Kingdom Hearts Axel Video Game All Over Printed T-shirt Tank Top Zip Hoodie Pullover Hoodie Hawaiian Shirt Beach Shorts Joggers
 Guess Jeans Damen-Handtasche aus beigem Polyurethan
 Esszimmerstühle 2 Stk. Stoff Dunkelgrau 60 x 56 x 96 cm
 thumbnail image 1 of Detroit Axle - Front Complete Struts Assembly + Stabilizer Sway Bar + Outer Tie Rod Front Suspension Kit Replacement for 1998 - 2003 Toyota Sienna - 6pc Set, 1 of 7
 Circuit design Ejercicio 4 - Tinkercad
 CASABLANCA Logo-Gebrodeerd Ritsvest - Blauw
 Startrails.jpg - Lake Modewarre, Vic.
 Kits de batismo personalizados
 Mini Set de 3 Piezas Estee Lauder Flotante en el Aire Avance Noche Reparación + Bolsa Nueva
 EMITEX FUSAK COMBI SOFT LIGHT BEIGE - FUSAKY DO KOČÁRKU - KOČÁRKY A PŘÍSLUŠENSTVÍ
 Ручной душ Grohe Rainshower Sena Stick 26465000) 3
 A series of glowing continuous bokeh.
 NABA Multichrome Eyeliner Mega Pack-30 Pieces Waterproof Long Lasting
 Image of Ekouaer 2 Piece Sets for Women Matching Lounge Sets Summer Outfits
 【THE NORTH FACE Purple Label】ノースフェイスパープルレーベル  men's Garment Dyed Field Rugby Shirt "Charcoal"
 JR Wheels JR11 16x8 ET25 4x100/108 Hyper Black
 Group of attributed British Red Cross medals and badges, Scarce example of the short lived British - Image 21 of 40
┄┄┄┄┄┄┄┄┄┄┄┄┄┄┄┄┄┄┄┄
__THE TASK__. Each line of the material that has the word "Shirt" belongs in the answer.

__TASK OUTPUT__.
Kingdom Hearts Axel Video Game All Over Printed T-shirt Tank Top Zip Hoodie Pullover Hoodie Hawaiian Shirt Beach Shorts Joggers
 【THE NORTH FACE Purple Label】ノースフェイスパープルレーベル  men's Garment Dyed Field Rugby Shirt "Charcoal"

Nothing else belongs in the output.